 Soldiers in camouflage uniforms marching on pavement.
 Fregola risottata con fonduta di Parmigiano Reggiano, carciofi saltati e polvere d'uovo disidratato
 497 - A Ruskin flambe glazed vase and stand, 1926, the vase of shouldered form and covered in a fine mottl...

* * *

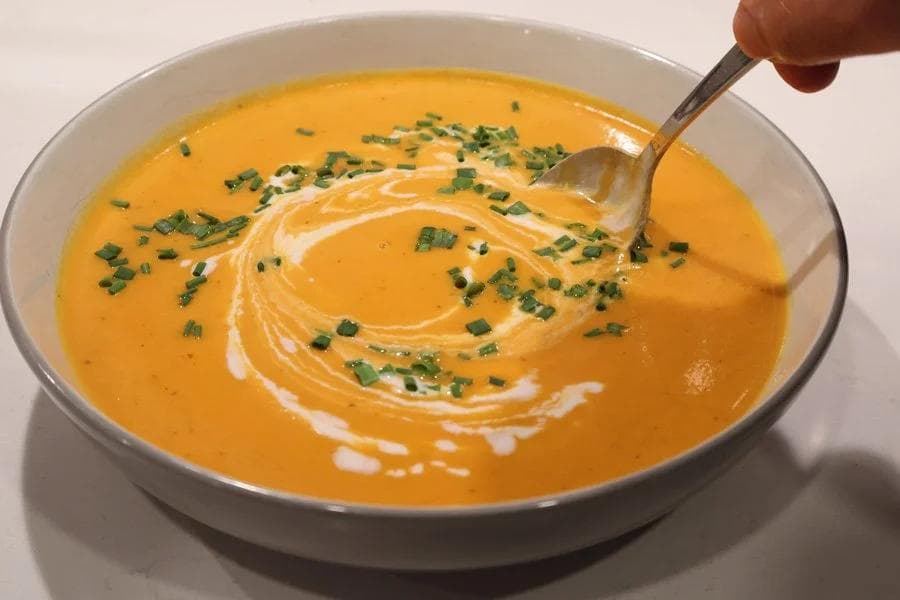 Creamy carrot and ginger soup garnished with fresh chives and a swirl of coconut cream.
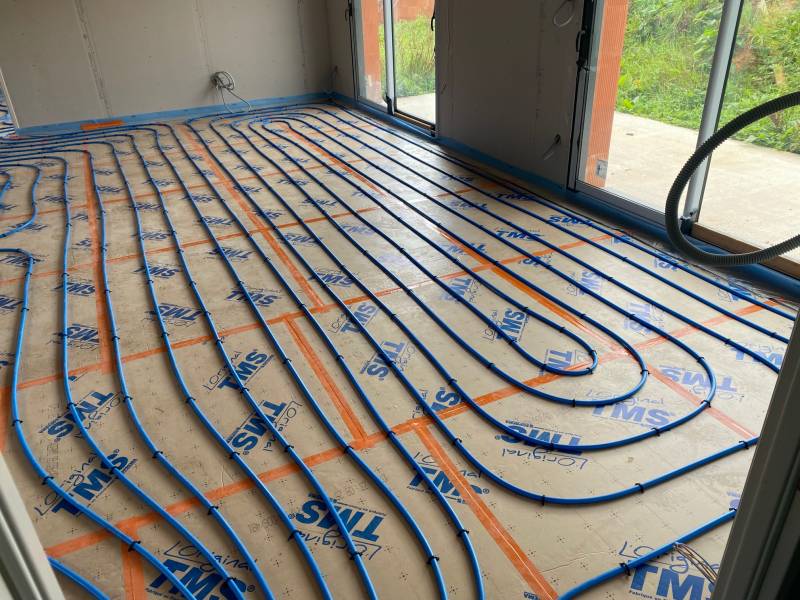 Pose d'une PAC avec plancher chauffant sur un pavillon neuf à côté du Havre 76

> Your task: Transcribe the lines above between the line holding "Soldiers in camouflage" and the line holding "497 - A Ruskin", inclusive, exactly as they stand and with nothing added.

> Solution for this problem:
 Soldiers in camouflage uniforms marching on pavement.
 Fregola risottata con fonduta di Parmigiano Reggiano, carciofi saltati e polvere d'uovo disidratato
 497 - A Ruskin flambe glazed vase and stand, 1926, the vase of shouldered form and covered in a fine mottl...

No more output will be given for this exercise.